> **RECORDS FOR THIS TASK**
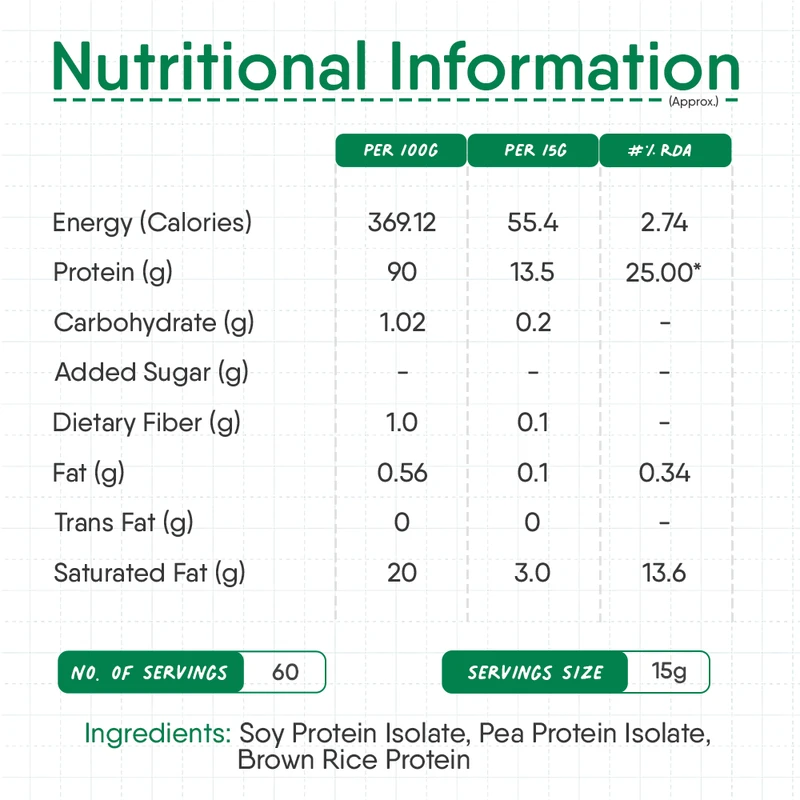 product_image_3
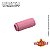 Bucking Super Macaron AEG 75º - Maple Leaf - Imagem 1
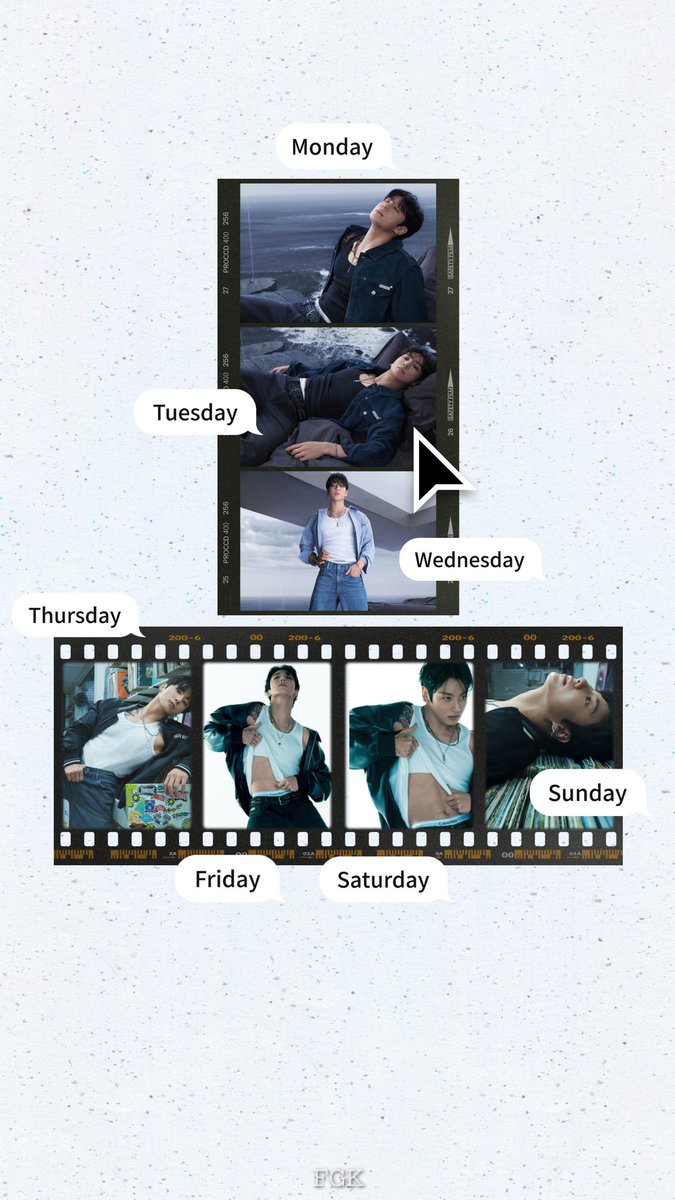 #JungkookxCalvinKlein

--

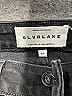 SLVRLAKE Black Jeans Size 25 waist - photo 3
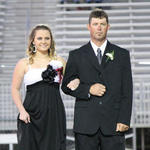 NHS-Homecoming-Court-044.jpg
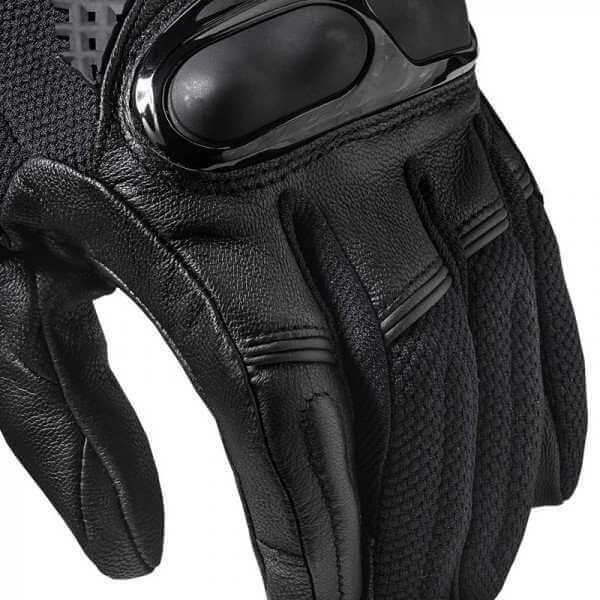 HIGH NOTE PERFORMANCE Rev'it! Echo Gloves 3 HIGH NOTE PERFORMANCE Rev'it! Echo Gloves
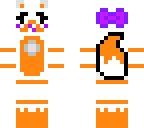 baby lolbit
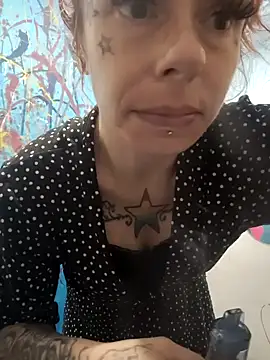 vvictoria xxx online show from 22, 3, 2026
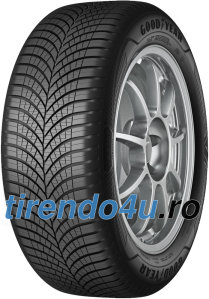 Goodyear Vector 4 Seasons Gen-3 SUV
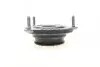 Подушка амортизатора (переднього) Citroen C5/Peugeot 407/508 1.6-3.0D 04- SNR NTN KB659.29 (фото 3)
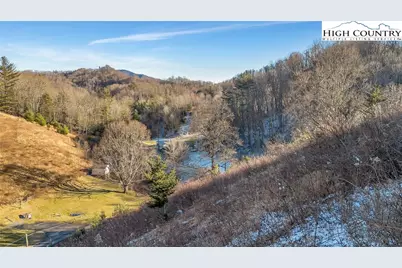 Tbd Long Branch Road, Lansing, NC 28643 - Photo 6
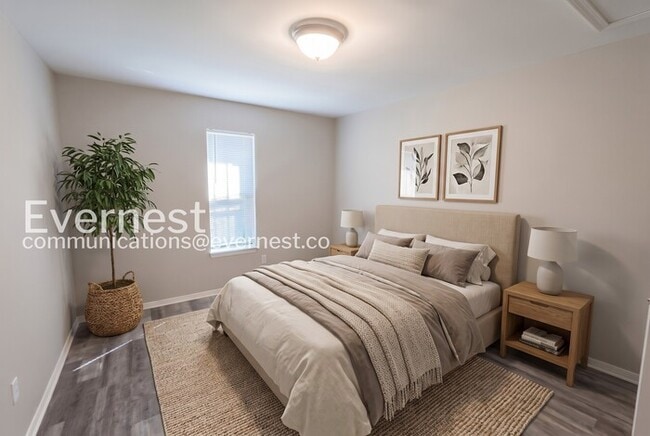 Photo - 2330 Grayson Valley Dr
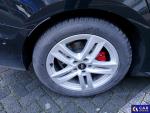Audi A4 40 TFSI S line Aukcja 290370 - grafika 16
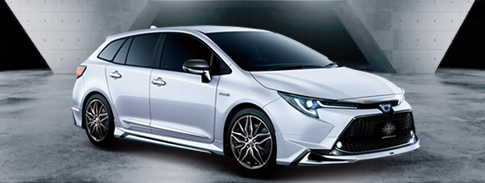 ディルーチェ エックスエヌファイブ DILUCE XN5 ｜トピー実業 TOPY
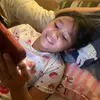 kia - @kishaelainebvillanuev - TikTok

==

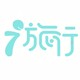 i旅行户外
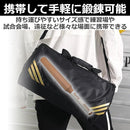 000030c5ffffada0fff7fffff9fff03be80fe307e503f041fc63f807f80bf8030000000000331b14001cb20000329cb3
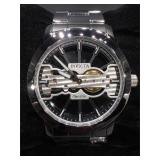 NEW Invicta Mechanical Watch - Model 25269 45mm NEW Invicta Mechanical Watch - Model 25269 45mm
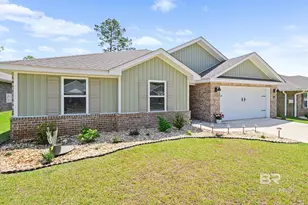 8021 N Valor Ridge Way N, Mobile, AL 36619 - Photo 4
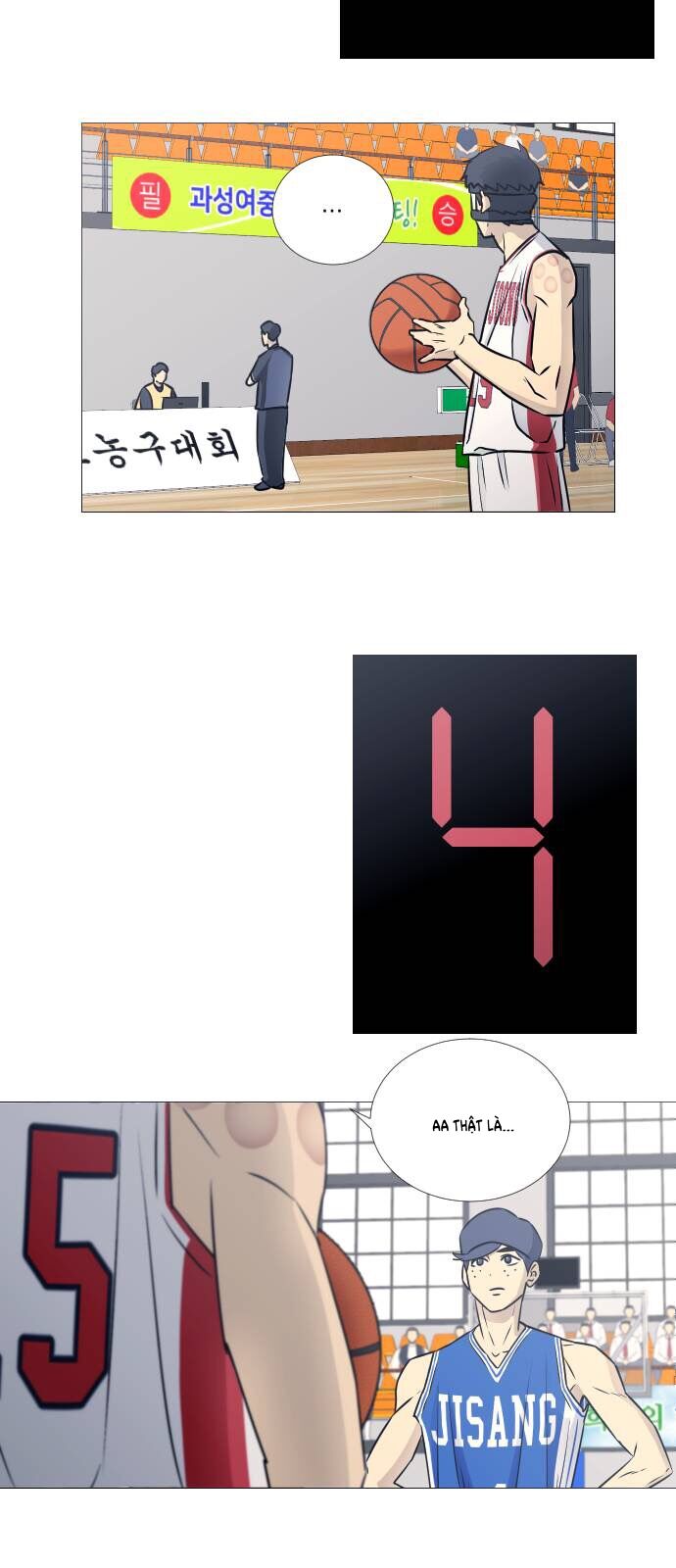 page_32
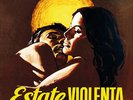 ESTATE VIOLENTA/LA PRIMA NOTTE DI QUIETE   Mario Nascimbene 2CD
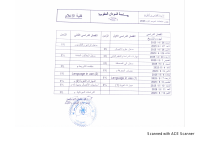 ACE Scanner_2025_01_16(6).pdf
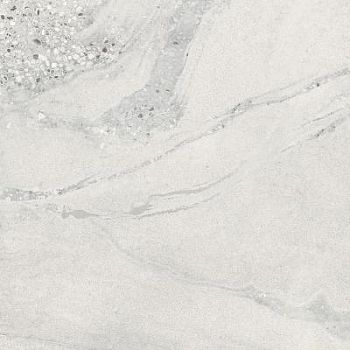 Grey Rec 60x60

> **EXERCISE GOAL**
Only the lines above starting with the line with "baby lolbit" and going on through the line with "kia - @kishaelainebvillanuev - TikTok" belong in the answer; repeat them exactly, minus any picture.

> **TASK ANSWER**
 baby lolbit
 vvictoria xxx online show from 22, 3, 2026
 Goodyear Vector 4 Seasons Gen-3 SUV
 Подушка амортизатора (переднього) Citroen C5/Peugeot 407/508 1.6-3.0D 04- SNR NTN KB659.29 (фото 3)
 Tbd Long Branch Road, Lansing, NC 28643 - Photo 6
 Photo - 2330 Grayson Valley Dr
Audi A4 40 TFSI S line Aukcja 290370 - grafika 16
 ディルーチェ エックスエヌファイブ DILUCE XN5 ｜トピー実業 TOPY
 kia - @kishaelainebvillanuev - TikTok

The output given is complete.